A verdade é que é da natureza do ser humano se acomodar. É muito difícil sairmos da nossa zona de conforto quando tudo está bem. E mesmo quando não está. Quanto tempo a gente fica no mesmo emprego, infeliz, esperando algo extraordinário acontecer porque achamos que somos especiais (teoria da geração Y) quando na verdade passam-se anos e anos e tudo que ganhamos é aquele aumento, que agora nos permite gastar mais e continuar a girar a roda da nossa vida. Só que ela roda no mesmo eixo e ela não vai pra frente se você não se desafiar. Se você não sair da sua zona de conforto. Afinal, você quer um salário melhor ou quer uma vida melhor? E não meu amigo, posso dizer agora que uma vida melhor não depende apenas de dinheiro.

 

Quando saímos do Brasil e quando idealizamos essa viagem, pensamos na volta ao mundo como aquelas que a gente vê na internet, na televisão, de dar inveja. Com paisagens incríveis, pequenas vilas na China, trilhas no meio do Nepal, fazendas na Alemanha, desertos e savanas africanas, e por ai vai…

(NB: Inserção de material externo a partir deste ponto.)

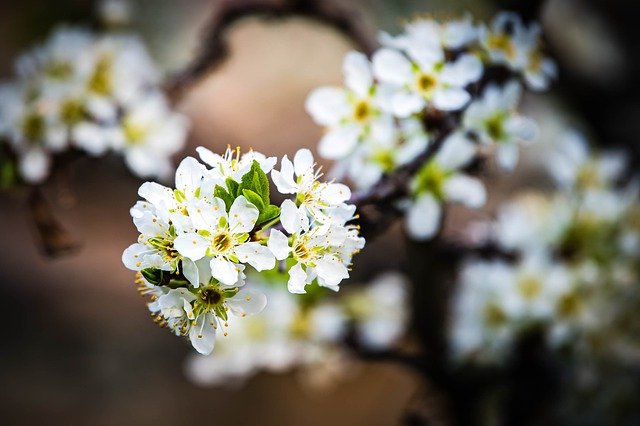 Free download apricot blossoms apricot flowers free picture to be edited with GIMP free online image editor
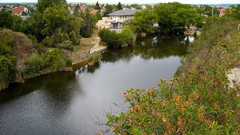 Lakes hungary Székesfehérvár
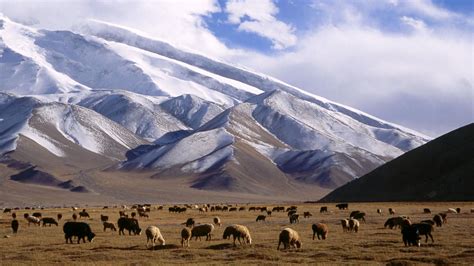 Pamir Mountains The World Pinterest Asia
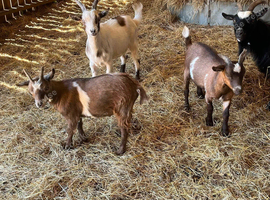 Trio of Pygmy goats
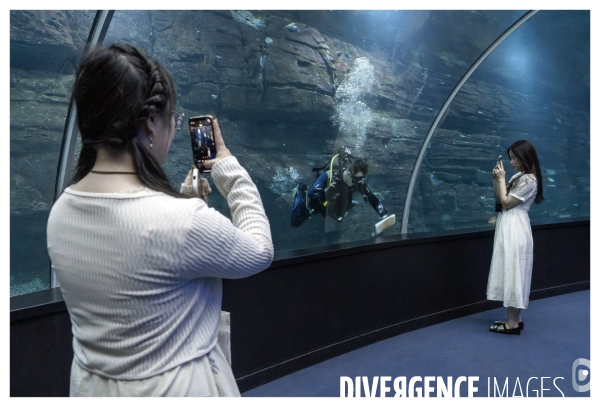 Les coulisses de nausicaa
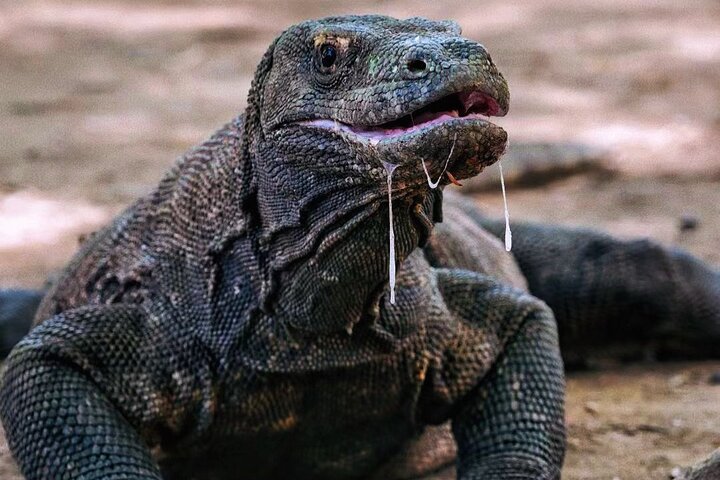Private Speedboat Fullday Komodo Tour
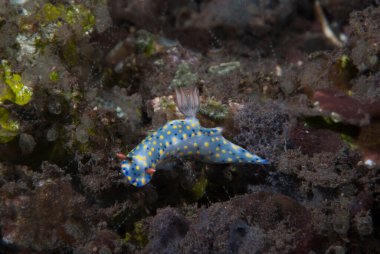 Hypselodoris Infucata Çıplak Endonezya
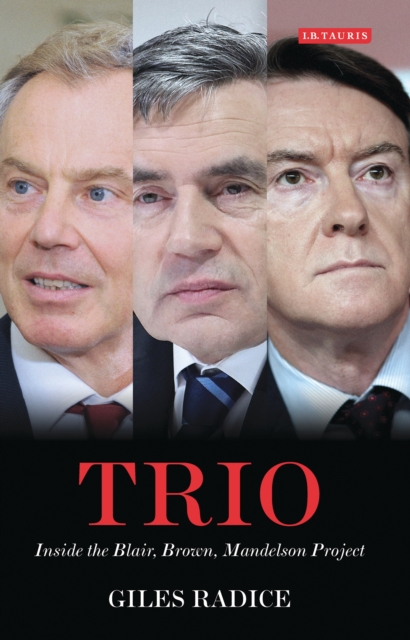 Trio : Inside the Blair, Brown, Mandelson Project, PDF eBook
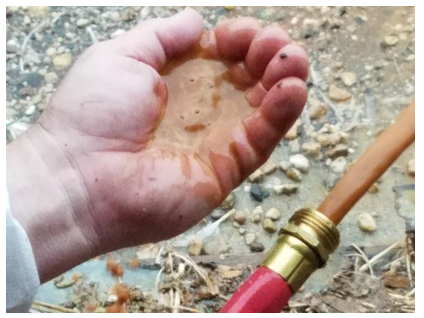 A regular flushing of water lines will remove all debris and dirt from the drinker lines. Photo courtesy of Dr. Susan Watkins, University of Arkansas, department of poultry science.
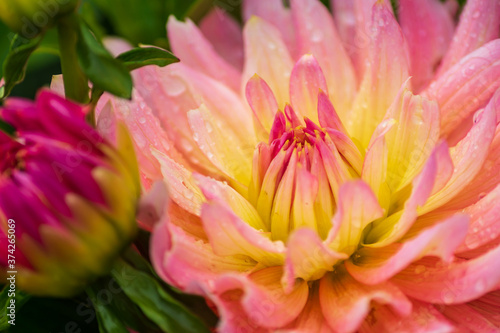 pink dahlia flower with rain drops in the garden  soft focus.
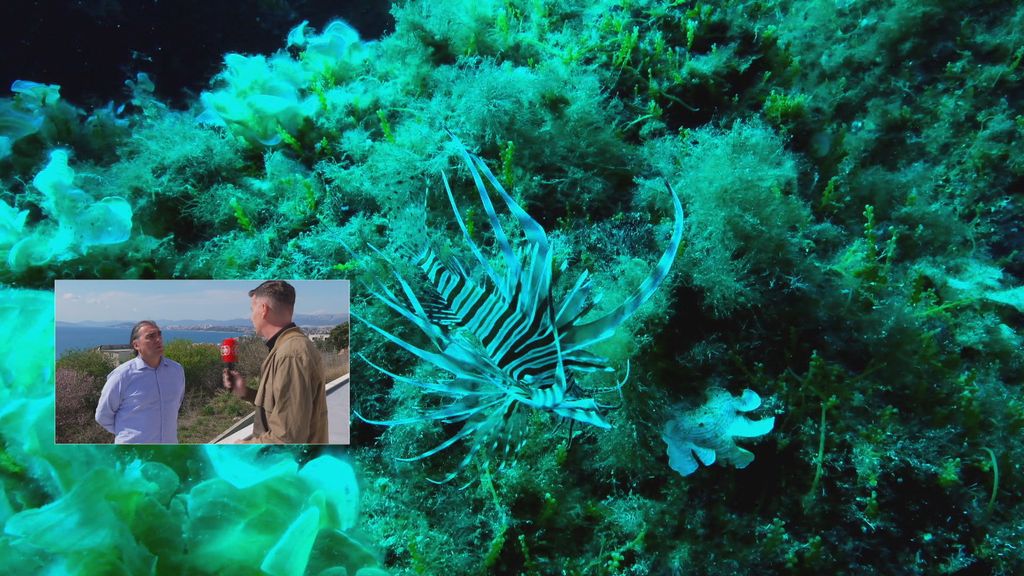 Opasna vrsta u Jadranu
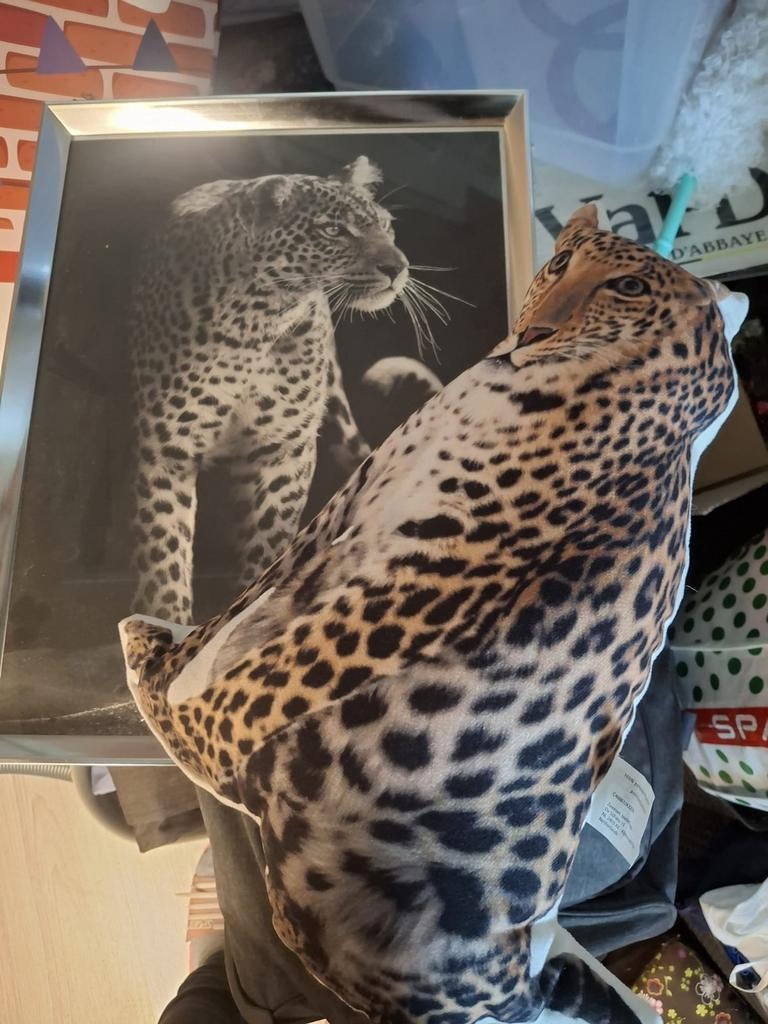 Wanddecoratie en kussen met luipaardprint, Ophalen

Sabíamos que era hora de continuar. Já tínhamos conseguido cumprir com a nossa missão de fazer dinheiro para seguir viagem.

E foi num dia qualquer, entre pesquisas rotineiras no Google que envolvem a vida de uma pessoa que trabalha com planejamento publicitário, que eu me deparei com uma palavra que me deixou bastante intrigado: Friluftsliv. Vi ela em uma campanha (nem me lembro mais qual) mas em um contexto bem interessante. Um contexto de viagem, natureza, montanhas. Da vida pelo lado de fora. Logo voltei ao Google e fui atrás do verdadeiro significado dela. Descobri então que não existe uma palavra específica que descreva ela em nenhuma outra língua. Ela vem de uma realidade Norueguesa e beira na escolha de um estilo de vida ao ar livre.

E foi esse o gatilho para tudo voltar. Não me deixei ser engolido pela (incrível) realidade de trabalhar na minha área fora do Brasil. Seria muito fácil parar na primeira boa oportunidade e, com certeza, não foi na minha zona de conforto que eu consegui ela. Eu queria ir muito mais longe. Queria ver e viver muito da natureza ainda e não entrar na rotina que um bom trabalho e a estabilidade nos coloca. Queria sair do escritório, do restaurante, dos pubs. Queria viver ao ar livre. Ver o mundo do tamanho que ele é.

Com passagem agora para Paris (uma breve parada para viver como turistas um pouco, com direito a Torre, queijo, vinho e muita caminhada) e em seguida para a Toscana, vamos trabalhar em um B&B, através da plataforma de troca de trabalho por acomodação do HelpX, em uma cidade chamada Lucca. Pequenina, com pouco mais de 85 mil habitantes, vamos agora ver mais o mundo pelo lado de fora. Respirar o ar da Toscana, da natureza. Ir atrás do que realmente viemos fazer. Chegou a hora.

E assim, eu brindo com aqueles que buscam mais de uma vida ao ar livre.